For instance, I want to get the maximum-scoring interval in A
, among those intervals in A which fall in a merged row in M
. (Intervals in A
are disjoint.)
Here is one approach I tried, which is very slow:
#!/usr/bin/env python
import sys
import pyranges as pr
import pandas as pd
import numpy as np
in_fn = sys.argv[1]
bed_data = pr.read_bed(in_fn)
bed_merged = bed_data.merge()
def max_scoring_element_over_merged_elements(df):
new_df = pd.DataFrame()
for i in range(len(df)):
pd_row = pd.DataFrame(df.iloc[i]).T.reset_index(drop=True)
pr_row = pr.from_dict(pd_row)
candidates = bed_data.intersect(pr_row)
max_score = np.max(candidates.Score)
hit = candidates[(candidates.Score == max_score)].head(1) # grab one row, in case of ties
hit.df.columns = ["Hit{}".format(x) for x in hit.df.columns]
pd_row = pd.concat([pd_row, hit.df], axis=1)
new_df = new_df.append(pd_row)
return new_df
res = bed_merged.apply(max_scoring_element_over_merged_elements)
print(res)
This works on small files, but on anything like a typical input, this takes a very long time to run.
Using bedmap
/bedops
, for instance, this literally takes a fraction of a second to run on the command line:
$ bedmap --echo --max-element <(bedops --merge A.bed) A.bed > answer.bed
But the Python script above is using 100% CPU and takes at least longer than ten minutes (at which point I canceled it).
Is there a Pythonic/pyrange-ic/idiomatic way to efficiently do per-row operations with pyranges?
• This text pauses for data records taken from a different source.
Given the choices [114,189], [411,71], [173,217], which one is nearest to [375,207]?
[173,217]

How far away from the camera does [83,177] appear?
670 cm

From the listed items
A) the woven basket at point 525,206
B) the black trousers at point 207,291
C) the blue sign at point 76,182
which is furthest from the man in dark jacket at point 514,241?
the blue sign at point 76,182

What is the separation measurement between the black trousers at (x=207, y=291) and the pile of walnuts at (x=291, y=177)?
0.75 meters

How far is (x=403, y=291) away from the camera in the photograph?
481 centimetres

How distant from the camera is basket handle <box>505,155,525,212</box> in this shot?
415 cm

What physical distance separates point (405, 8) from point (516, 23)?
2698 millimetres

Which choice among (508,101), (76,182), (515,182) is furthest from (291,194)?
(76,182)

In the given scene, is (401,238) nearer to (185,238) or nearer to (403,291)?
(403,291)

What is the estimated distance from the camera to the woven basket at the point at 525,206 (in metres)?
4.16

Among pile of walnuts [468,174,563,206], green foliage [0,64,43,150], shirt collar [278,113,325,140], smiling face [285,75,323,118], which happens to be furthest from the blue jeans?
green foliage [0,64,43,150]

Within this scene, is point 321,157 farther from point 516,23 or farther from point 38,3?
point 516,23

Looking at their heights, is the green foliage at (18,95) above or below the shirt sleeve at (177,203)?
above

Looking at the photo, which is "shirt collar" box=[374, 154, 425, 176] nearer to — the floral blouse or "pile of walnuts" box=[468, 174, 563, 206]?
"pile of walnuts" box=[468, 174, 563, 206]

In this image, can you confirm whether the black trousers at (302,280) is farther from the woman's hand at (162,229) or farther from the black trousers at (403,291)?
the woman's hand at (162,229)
Thanks!
Interesting problem, and thanks for sharing a solution. What part of the above
max_scoring_element_over_merged_elements()
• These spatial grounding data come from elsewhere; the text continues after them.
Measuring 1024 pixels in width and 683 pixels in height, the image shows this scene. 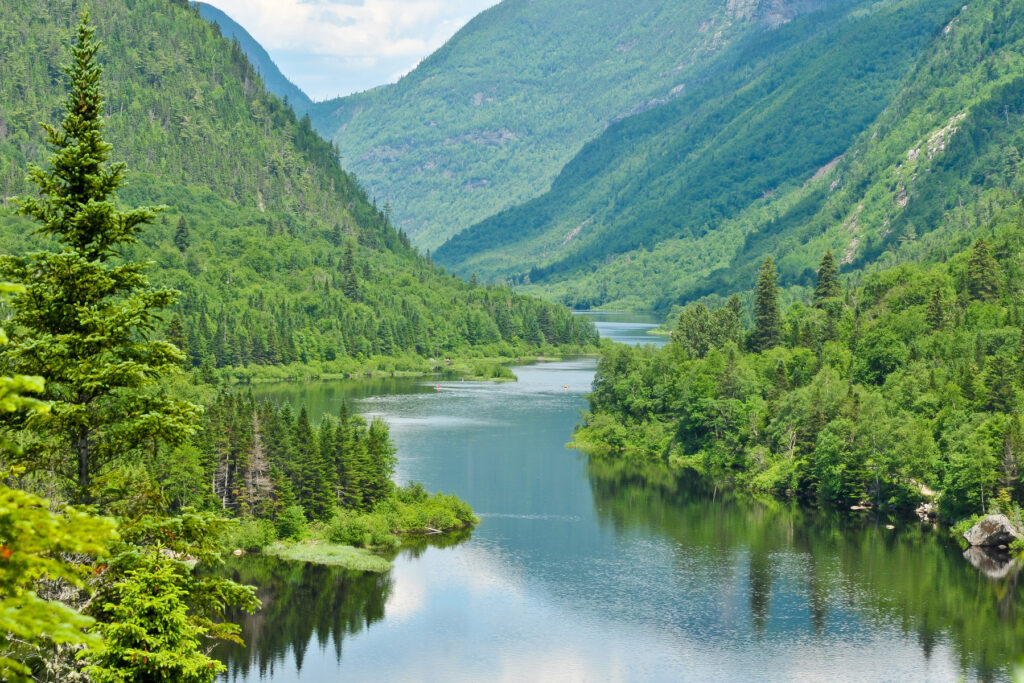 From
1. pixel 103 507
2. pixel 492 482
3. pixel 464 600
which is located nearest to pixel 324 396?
pixel 492 482

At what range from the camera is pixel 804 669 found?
234 ft

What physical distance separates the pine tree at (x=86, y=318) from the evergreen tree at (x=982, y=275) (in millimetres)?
134564

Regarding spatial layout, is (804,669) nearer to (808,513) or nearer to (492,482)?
(808,513)

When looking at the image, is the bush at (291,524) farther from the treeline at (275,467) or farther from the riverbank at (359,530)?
the treeline at (275,467)

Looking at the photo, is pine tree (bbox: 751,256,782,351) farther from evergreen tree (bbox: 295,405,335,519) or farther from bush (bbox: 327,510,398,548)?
evergreen tree (bbox: 295,405,335,519)

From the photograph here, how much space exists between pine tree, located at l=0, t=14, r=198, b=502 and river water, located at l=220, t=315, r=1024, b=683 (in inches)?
1683

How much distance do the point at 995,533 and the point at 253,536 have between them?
197 ft

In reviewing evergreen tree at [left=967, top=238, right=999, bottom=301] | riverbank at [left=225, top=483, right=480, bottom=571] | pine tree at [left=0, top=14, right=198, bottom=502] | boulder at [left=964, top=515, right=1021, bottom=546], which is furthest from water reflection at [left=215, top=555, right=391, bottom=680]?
evergreen tree at [left=967, top=238, right=999, bottom=301]

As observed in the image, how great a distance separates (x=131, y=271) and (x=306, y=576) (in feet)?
199

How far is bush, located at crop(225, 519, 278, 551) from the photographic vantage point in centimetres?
9200

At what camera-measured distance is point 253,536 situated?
9256cm

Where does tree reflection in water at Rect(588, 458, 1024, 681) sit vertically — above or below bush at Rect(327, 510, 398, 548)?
below

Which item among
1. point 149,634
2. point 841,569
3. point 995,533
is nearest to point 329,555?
point 841,569

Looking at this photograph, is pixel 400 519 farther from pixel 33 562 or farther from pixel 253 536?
pixel 33 562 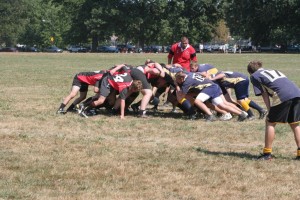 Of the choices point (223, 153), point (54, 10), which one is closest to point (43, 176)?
point (223, 153)

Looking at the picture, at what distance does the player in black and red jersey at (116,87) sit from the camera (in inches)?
484

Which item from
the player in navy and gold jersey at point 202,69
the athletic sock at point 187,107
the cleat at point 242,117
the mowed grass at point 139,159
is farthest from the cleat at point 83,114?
the cleat at point 242,117

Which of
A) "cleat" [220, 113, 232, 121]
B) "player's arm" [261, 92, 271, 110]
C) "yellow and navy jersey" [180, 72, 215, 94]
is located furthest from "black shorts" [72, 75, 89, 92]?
"player's arm" [261, 92, 271, 110]

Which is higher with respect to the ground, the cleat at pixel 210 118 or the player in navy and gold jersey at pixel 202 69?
the player in navy and gold jersey at pixel 202 69

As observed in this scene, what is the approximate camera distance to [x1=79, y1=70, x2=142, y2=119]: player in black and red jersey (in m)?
12.3

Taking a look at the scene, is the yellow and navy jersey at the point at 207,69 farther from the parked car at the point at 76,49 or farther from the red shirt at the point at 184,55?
the parked car at the point at 76,49

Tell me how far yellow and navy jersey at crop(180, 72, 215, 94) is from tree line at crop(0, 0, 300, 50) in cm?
6272

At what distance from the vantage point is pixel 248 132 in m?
10.6

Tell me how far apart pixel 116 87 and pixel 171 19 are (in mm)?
A: 74805

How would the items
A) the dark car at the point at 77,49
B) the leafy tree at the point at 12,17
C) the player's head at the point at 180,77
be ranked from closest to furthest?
the player's head at the point at 180,77 < the dark car at the point at 77,49 < the leafy tree at the point at 12,17

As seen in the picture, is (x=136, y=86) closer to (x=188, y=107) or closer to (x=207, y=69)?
(x=188, y=107)

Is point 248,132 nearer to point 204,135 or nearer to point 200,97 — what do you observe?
point 204,135

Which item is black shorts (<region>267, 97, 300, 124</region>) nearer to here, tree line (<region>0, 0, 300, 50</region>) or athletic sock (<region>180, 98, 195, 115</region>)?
athletic sock (<region>180, 98, 195, 115</region>)

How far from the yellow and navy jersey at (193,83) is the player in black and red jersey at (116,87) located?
970 millimetres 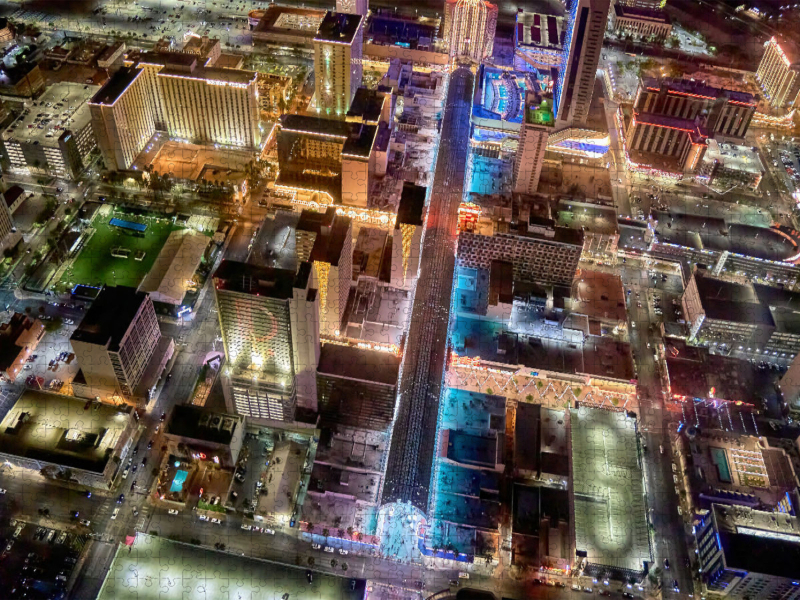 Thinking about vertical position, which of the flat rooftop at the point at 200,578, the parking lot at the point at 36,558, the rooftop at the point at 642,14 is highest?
the rooftop at the point at 642,14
function do you think took the longest time for computation? Is it thecandidates = bed_data.intersect(pr_row)
part?That
intersect
call probably makes it an n^2 operation at that point, as opposed to two nlogn sorts. Converting each dataframe row back to a small pyranges object is likely adding a fair bit of runtime, too, as well as usingappend
to build a new dataframe row by row.The solution I provide has its own issues. Sorting twice is not great, and for statistical testing, it would be useful to pick from tied-score elements at random with uniform probability, say, as opposed to picking the first element (whatever that happens to be). Dropping duplicates probably uses a ton of memory to keep a second copy of merged intervals, along with the max-scoring element association. I'm not too familiar with pandas and tricks to get the best performance, so any thoughts on how to improve this would be welcome.